**TASK ITEM:** Exactly the lines below from the line with "Temple trust names" through the line with "TOYOTA HIGHLANDER LE" must make up the answer, both ends included and pictures left out.

===== RECORD EXCERPTS =====

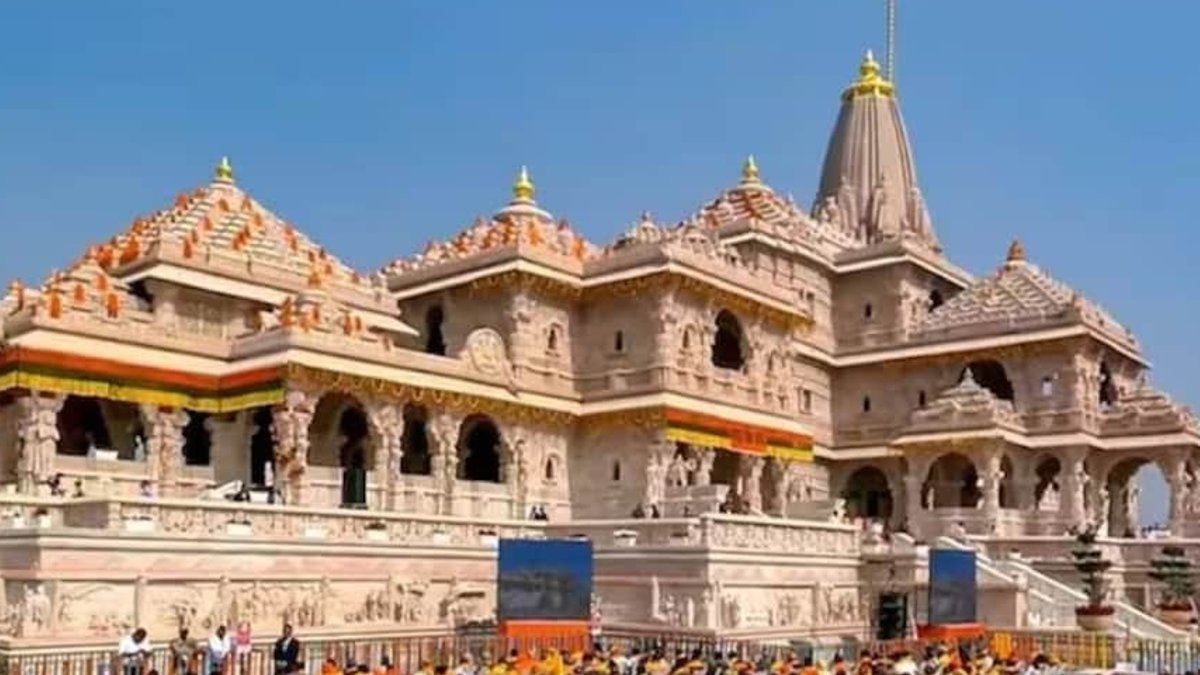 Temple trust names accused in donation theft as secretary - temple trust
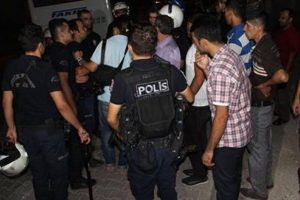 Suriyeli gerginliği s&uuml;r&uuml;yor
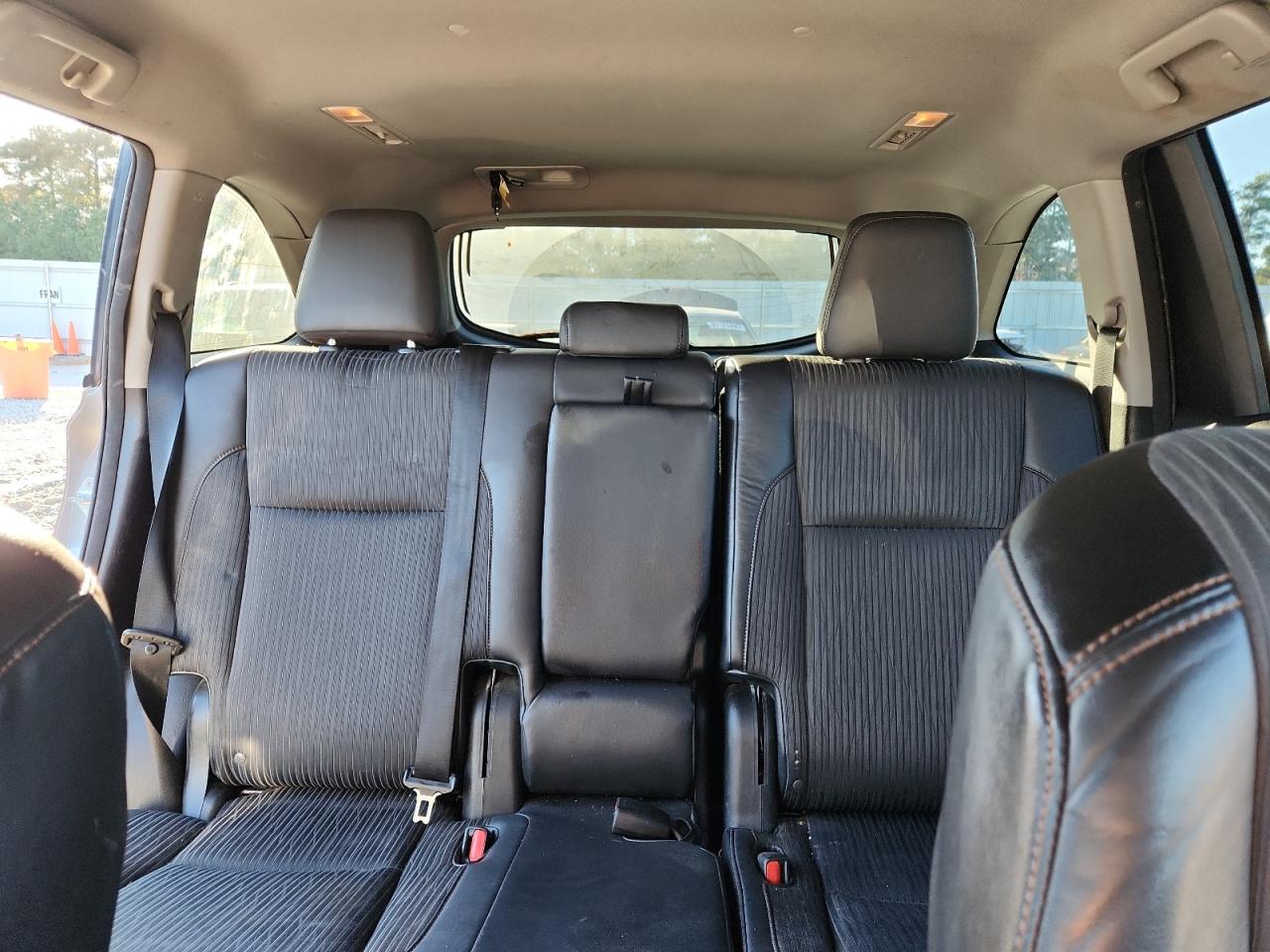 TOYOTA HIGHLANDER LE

=====
===== RECORD EXCERPTS =====

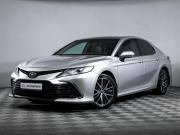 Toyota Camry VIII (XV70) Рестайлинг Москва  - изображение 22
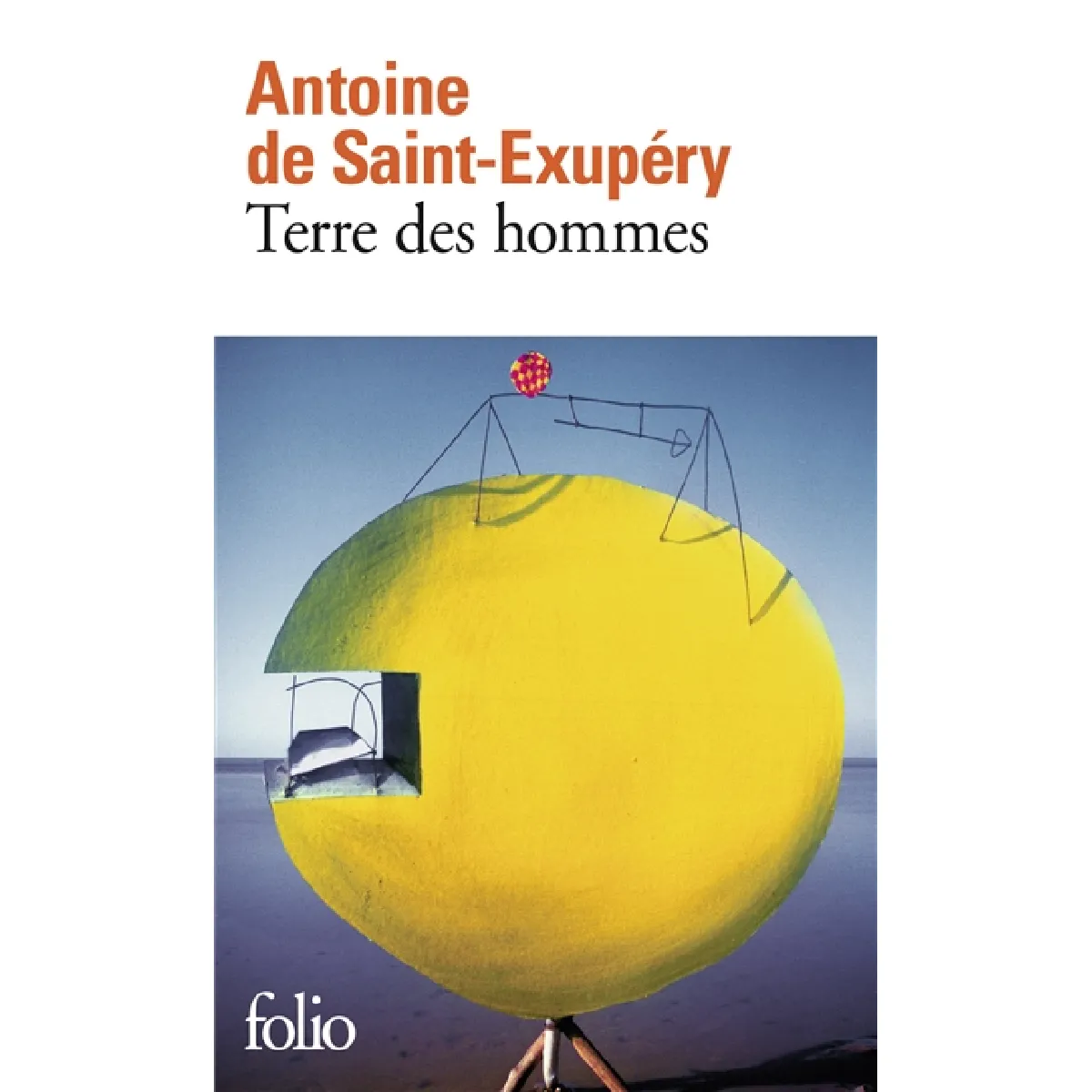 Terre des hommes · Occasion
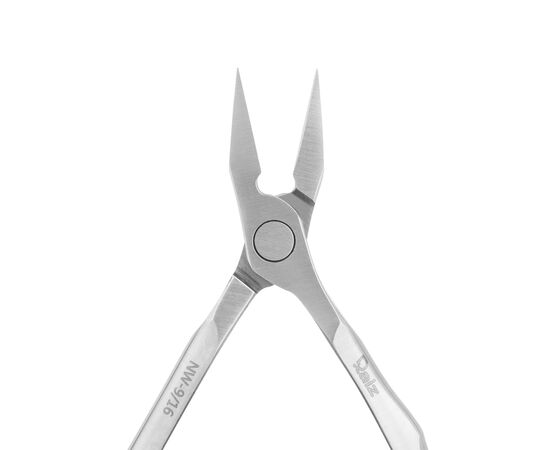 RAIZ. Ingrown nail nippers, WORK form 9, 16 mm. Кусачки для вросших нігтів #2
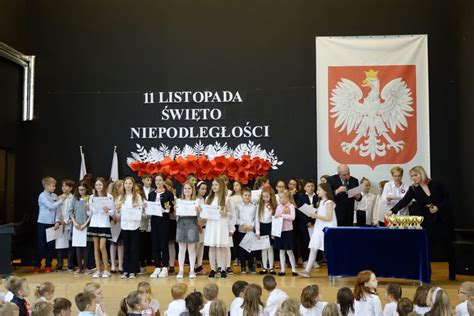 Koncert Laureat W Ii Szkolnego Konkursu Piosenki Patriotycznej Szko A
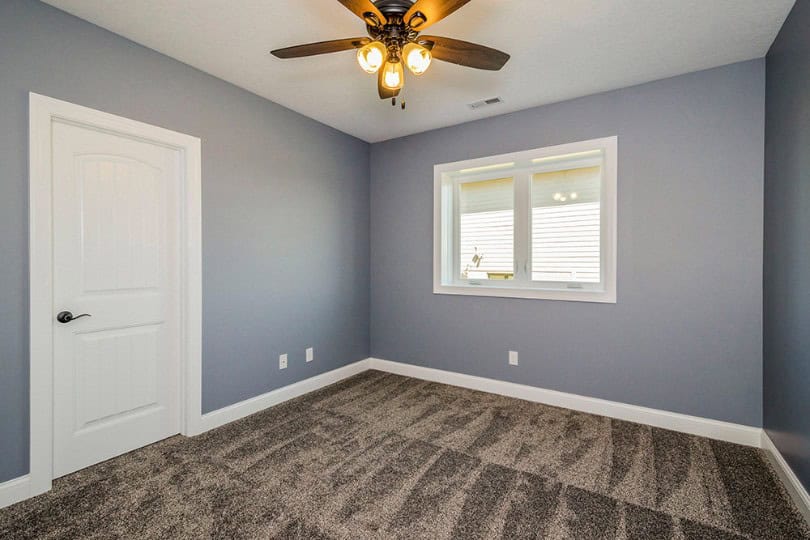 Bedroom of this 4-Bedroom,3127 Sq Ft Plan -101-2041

=====
===== RECORD EXCERPTS =====

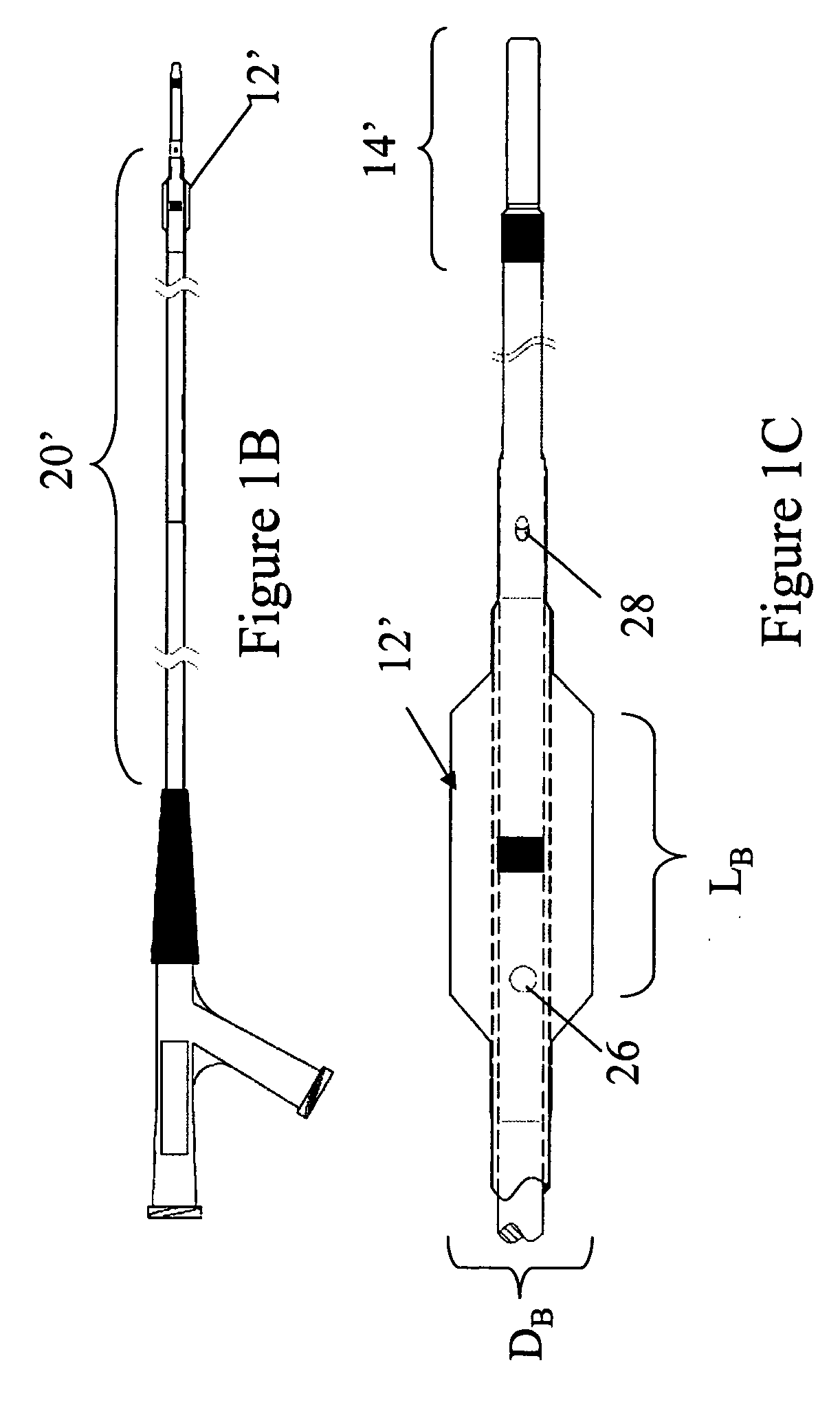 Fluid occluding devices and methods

=====

**RESPONSE AREA:**
 Temple trust names accused in donation theft as secretary - temple trust
 Suriyeli gerginliği s&uuml;r&uuml;yor
 TOYOTA HIGHLANDER LE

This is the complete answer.